What to produce >> Exact copies of the lines below, from the one with "Black rectangular wall" up to and including the one with "Covered lanai overlooks", are what this calls for; leave out pictures.

Records for this task >>
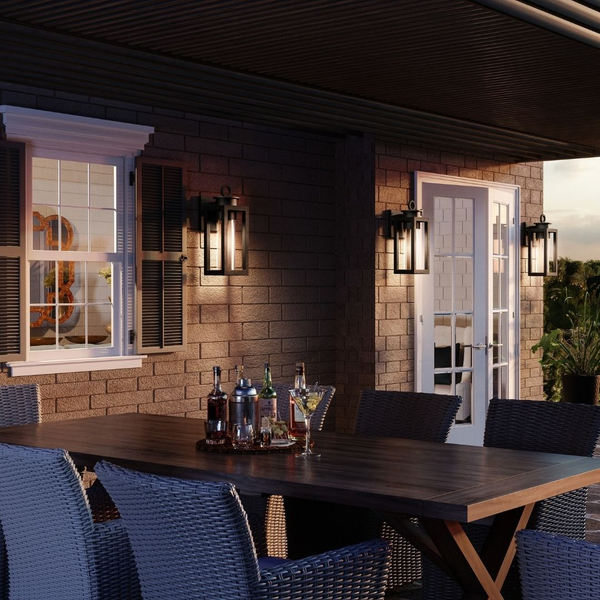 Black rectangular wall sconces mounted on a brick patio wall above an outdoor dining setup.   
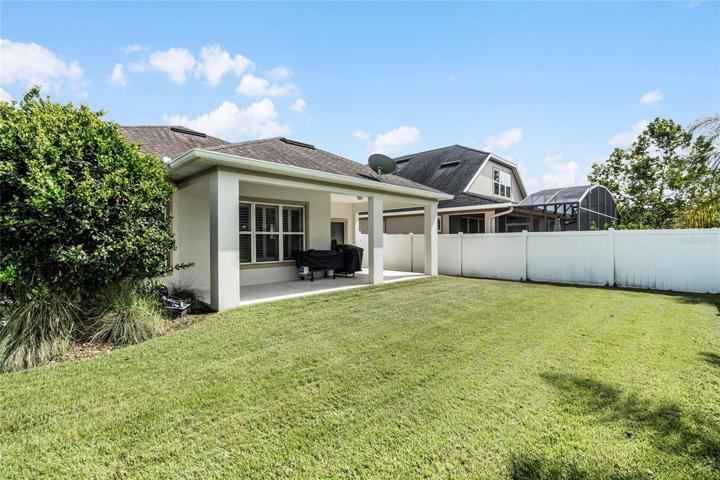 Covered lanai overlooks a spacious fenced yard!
---
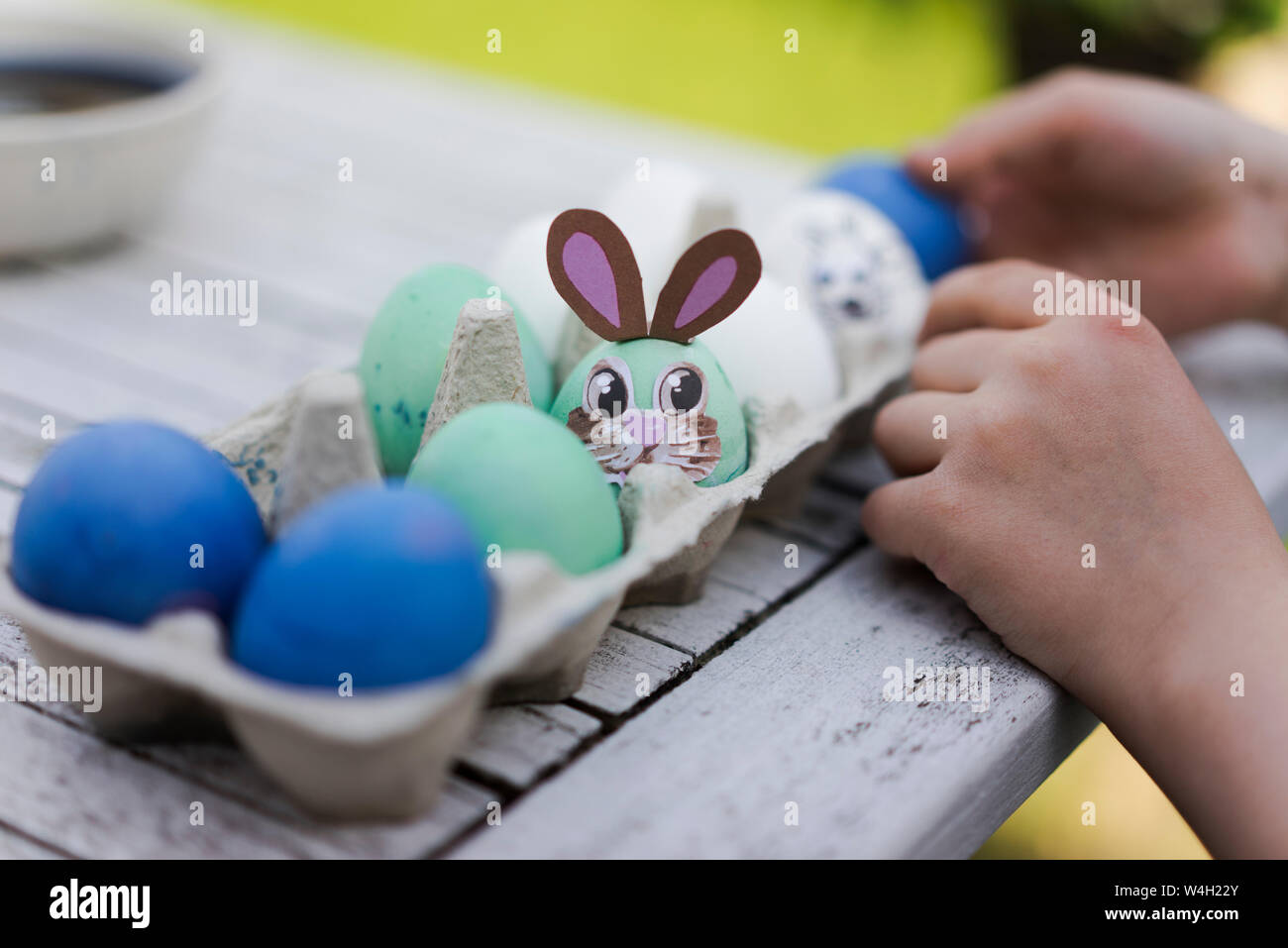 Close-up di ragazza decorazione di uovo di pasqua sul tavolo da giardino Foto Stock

Reply to the task >>
 Black rectangular wall sconces mounted on a brick patio wall above an outdoor dining setup.   
 Covered lanai overlooks a spacious fenced yard!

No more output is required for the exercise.